Monday, August 25, 2008

How you can help

I've been told to write the KS Health Care Commission if I want them to change their policy. If it's a letter they want, then let's get them some letters! The instructions are below. Here's the suggested letter, but write whatever you want. You can be as passionate as you like, but PLEASE - be polite!

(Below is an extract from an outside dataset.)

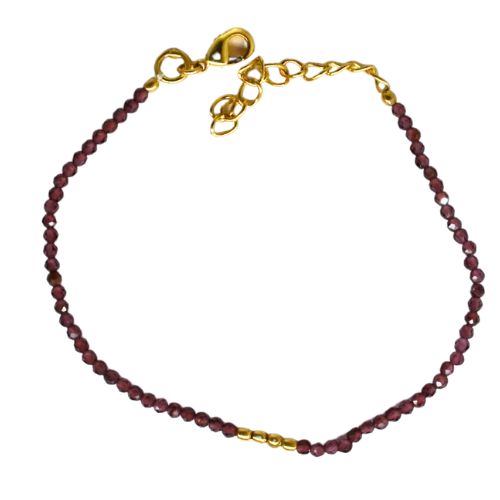 Euro gold feature on a Gemstone Bracelet A1GB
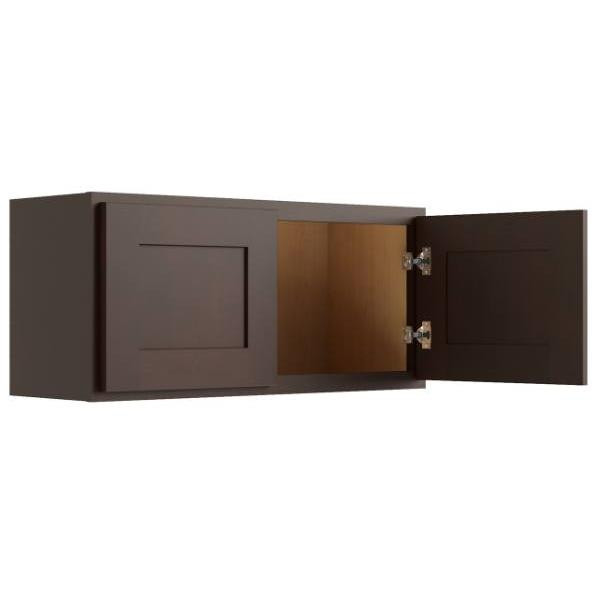 CNC CABINETRY 33" W X 12" H Wall Cabinet, Luxor Espresso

Next, take a moment to check the prosthetic parity law in your state by going to the Amputee Coalition of America website. If your state has not passed a prosthetic parity bill, please send a letter (scroll to the bottom of the ACA link) to your state and/or federal representatives. The federal bill is House Resolution 5615. Senator Senator Elizabeth Dole of North Carolina is considering sponoring a senate bill. Please encourage her and don't forget this is an election year.

Giving "A Leg Up"

In the world of horses, giving someone “a leg up” has meant taking just a moment to give someone a boost up on their horse – so they can take over from there.

Taking a minute now to give Kathleen a leg up will help her retake charge of her own life and will subsequently benefit other amputees.

Instructions: Copy/paste the sample letter and personalize before printing and mailing – it might be just a short line about how you know Kathleen, or something special you know about her or how she has helped you. (Traditional paper and stamp letters have a very personal impact.) Remember to delete the red “insert here” sentence.

Thank you for taking the time to give Kat “A Leg Up”.

Sample Letter to KS Health Care Commission

(Insert Date)

Duane A. Goossen, Chair and Secretary of Administration
Kansas Health Care Commission
Room 900-N, Landon State Office Building
900 SW Jackson Street Topeka, KS 66612

Dear Mr. Goossen,

I am writing on behalf of Dr. Kathleen Gustafson, a state employee at Kansas University Medical Center. (Insert your personalized association with Kat here)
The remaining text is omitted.